Наконец, образ корабля, связанного с греческой темой и судьбой поэта, встречается в письме Пушкина к Гнедичу от 23 февраля 1825 года о "Греческих песнях" последнего и "скором совершении" перевода "Илиады":

Когда Ваш корабль, нагруженный сокровищами Греции, входит в пристань при ожиданьи толпы, стыжусь вам говорить о моей мелочной лавке № 1. – Много у меня начато, ничего не кончено. Сижу у моря, жду перемены погоды. Ничего не пишу, а читаю мало, потому что вы мало печатаете [XIII, 145].

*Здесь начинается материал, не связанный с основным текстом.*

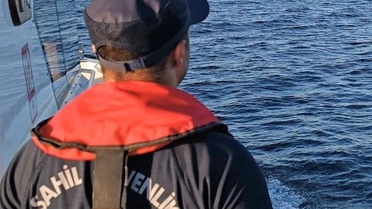 Aydın Didim'de sahil güvenlik ekipleri 30 düzensiz göçmeni yakaladı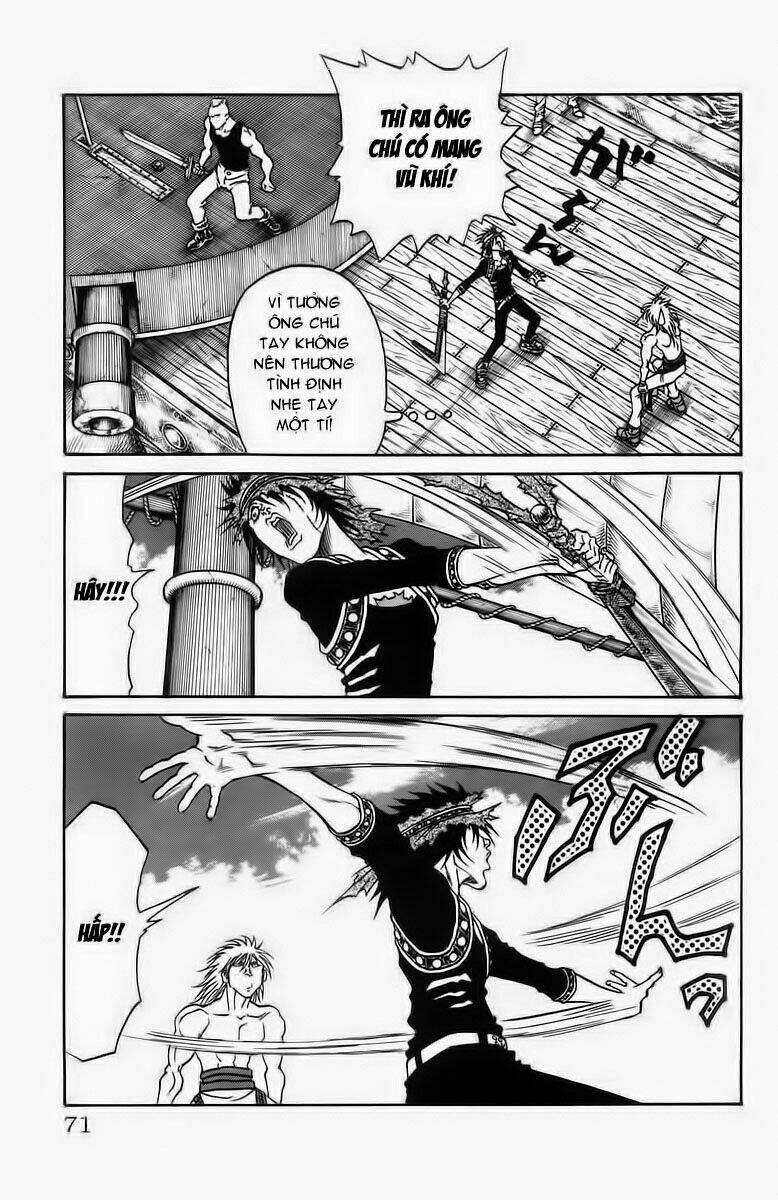 vua trên biển chapter 226 4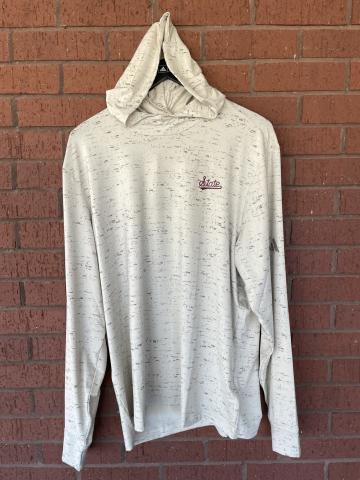 Adidas Aluminum Print Hoodie with State Script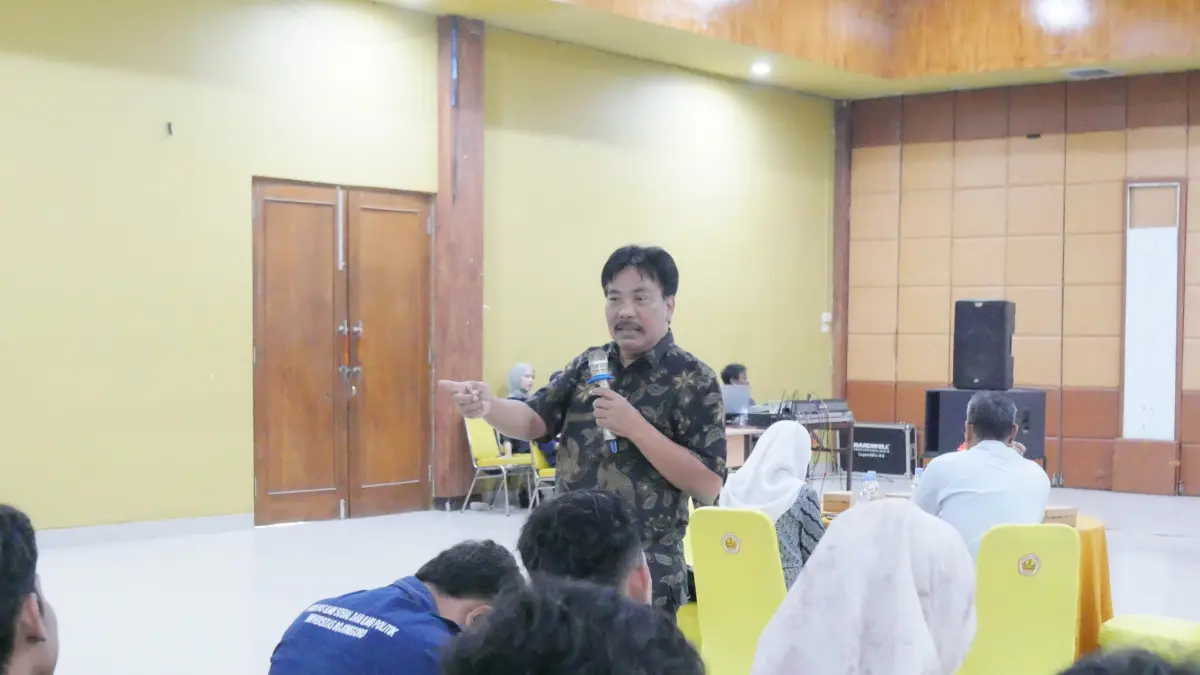 Kuliah umum Fisip Unigoro. (ISTIMEWA) 
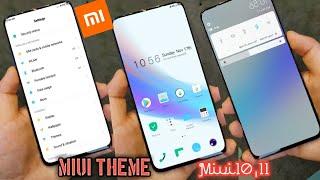 Miui New Theme | Miui10,Miui11 | Xiaomi Theme | Redmi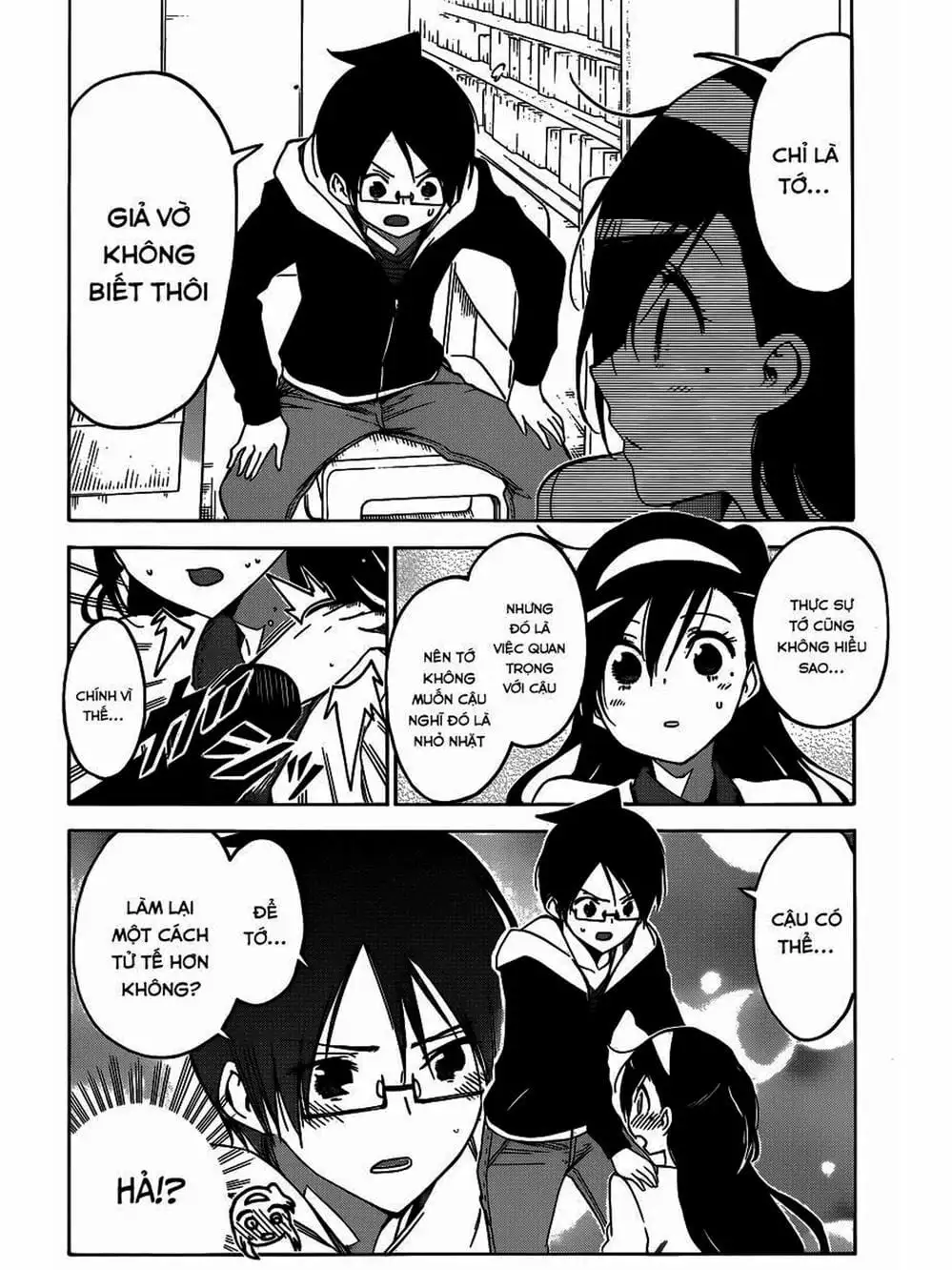 Truyện Tranh Chúng Mình Không Học Nổi - We Can’t Study trang 4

Знаменательно, что в этом же письме Пушкин вспоминает о годовщине "греческого бунта", начатого князем Ипсиланти 23 февраля 1821 года. Очевидно, что к началу 1825 года в "поэтической мифологии" Пушкина сформировался устойчивый ассоциативный комплекс образов и мотивов, нашедший свое художественное выражение в оде Хвостову, датируемой исследователями февралем – апрелем этого года: образ корабля, груженного поэтической продукцией; греки, провожающие или ожидающие своего защитника; сравнение двух титулованных поэтов; смерть Байрона; ожидание "у моря" решения собственной судьбы.

Русский Байрон

Уже к середине 1820-х годов у современников складывается представление о Пушкине как о "нашем", "северном" или "русском Байроне". Под этим выражением понимались, впрочем, разные вещи: подражатель поэзии и поведению Байрона; русский "эквивалент" английского гения; поэт, равный Байрону по силам, но оригинальный по своему творчеству. Для самого Пушкина сравнение с Байроном было тесно связано с проблемой поэтической самоидентификации и вопросом о собственной судьбе. Можно сказать, что русского поэта в этот период его жизни интересовали не столько поэзия и литературный герой Байрона, сколько его творческая индивидуальность и человеческая личность, отличная от той литературной маски, которую Байрон создал в своих ранних произведениях и в которую современники Пушкина рядили русского поэта. Именно в этом контексте, как мы полагаем, и следует понимать двойственное отношение к Байрону, выраженное в письме Пушкина к Вяземскому от 24–25 июня 1824 года:

Гений Байрона бледнел с его молодостию. ‹…› Его поэзия видимо изменялась. Он весь создан был на выворот; постепенности в нем не было, он вдруг созрел и возмужал – пропел и замолчал; и первые звуки его уже ему не возвратились – после IV песни Child-Harold Байрона мы не слыхали, а писал какой-то другой поэт с высоким человеческим талантом [курсив мой. – И.В.; XIII, 99].

О значимости для Пушкина Байрона как человека говорит и тот факт, что 7 апреля 1825 года (день смерти Байрона) поэт заказал обедню за "упокой души боярина Георгия" (письма к Вяземскому и брату Л.С. Пушкину) [XIII, 160].